L’analisi è partita proprio da quel calco in gesso del 1833, custodito oggi nella casa natale del pittore ad Urbino, e che il professor Mattia Falconi, docente di Biologia Molecolare all’Università degli Studi di Roma “Tor Vergata”, in un’intervista televisiva descrive come «in perfetto stato. Si vedevano addirittura le suture delle ossa craniche, per cui abbiamo fatto le misure craniali, abbiamo preso le immagini, e poi attraverso il computer abbiamo modellato il volto».

 

In seguito alla ricostruzione sono poi stati eseguiti i necessari confronti con i ritratti di Raffaello, nonostanti vi fosse dipinto in età più giovane, e le analisi metrico-morfologiche sono risultate completamente sovrapponibili con il profilo tramandato nei secoli da opere artistiche e prove storiche.
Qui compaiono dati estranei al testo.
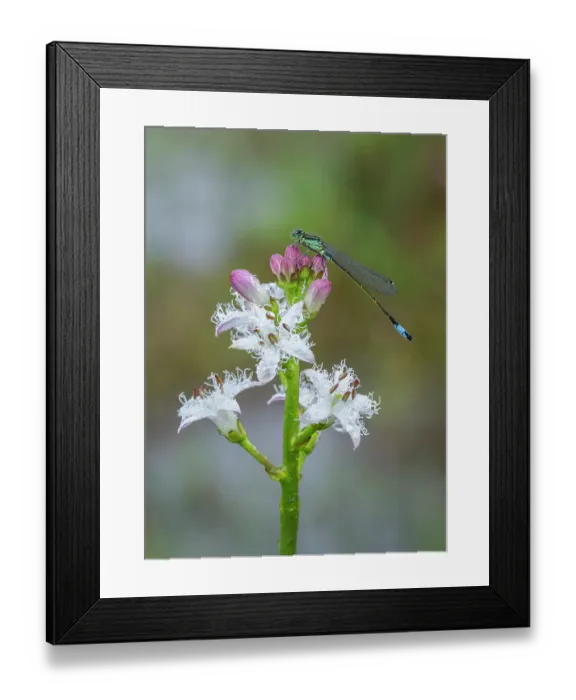 Framed Print : RF - Blue-tailed damselfly (Ischnura elegans) male, resting on Bog bean (Menyanthes trifoliata) flower, Montiaghs Moss SAC, County Antrim, Northern Ireland, UK. May Framed Print : RF - Blue-tailed damselfly (Ischnura elegans) male, resting on Bog bean (Menyanthes trifoliata) flower, Montiaghs Moss SAC, County Antrim, Northern Ireland, UK. May
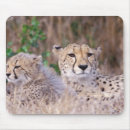 Search for gavriel jecan mousepads Environment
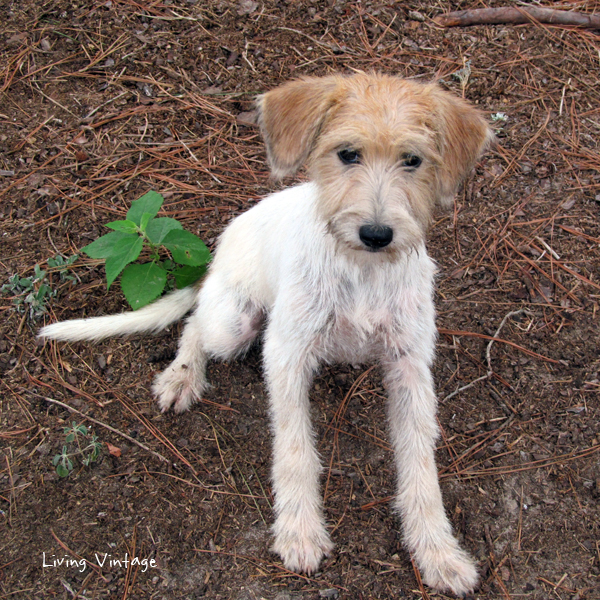 Miss Molly, Our Muppet and Rescue Dog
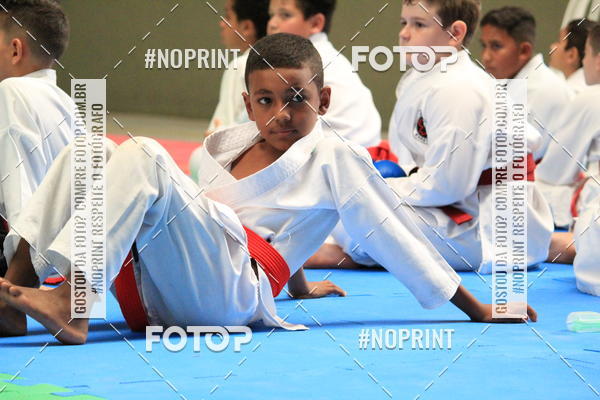 Buy your photos of the event2 COPA MOGI GUAU DE KARATE on Fotop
Per la prima volta nella storia, gli esperti possono dunque confermare che i resti custoditi nel Pantheon sono proprio quelli di Raffaello Sanzio.

 

E naturalmente questo tipo di ricerche non sono solamente fini a sé stesse, come spiega inoltre la professoressa Olga Rickards, ordinario di Antropologia Molecolare all’Università “Tor Vergata”, ma potranno aprire la strada «a possibili futuri studi molecolari sui resti scheletrici, volti a convalidare questa identità e a determinare alcuni caratteri del personaggio correlati con il DNA, come ad esempio i caratteri fenotipici (colore degli occhi, dei capelli e della carnagione), la provenienza geografica e la presenza di eventuali  marcatori genetici che predispongono per malattie». Nel frattempo, la stampa tridimensionale del pittore sarà resa in un busto a grandezza naturale e donata all’Accademia Raffaello, per poi essere permanentemente esposta nel museo “Casa Natale di Raffaello” ad Urbino.

 

A cinque secoli dalla sua dipartita, il “divin pittore” continua e continuerà ancora ad incantarci.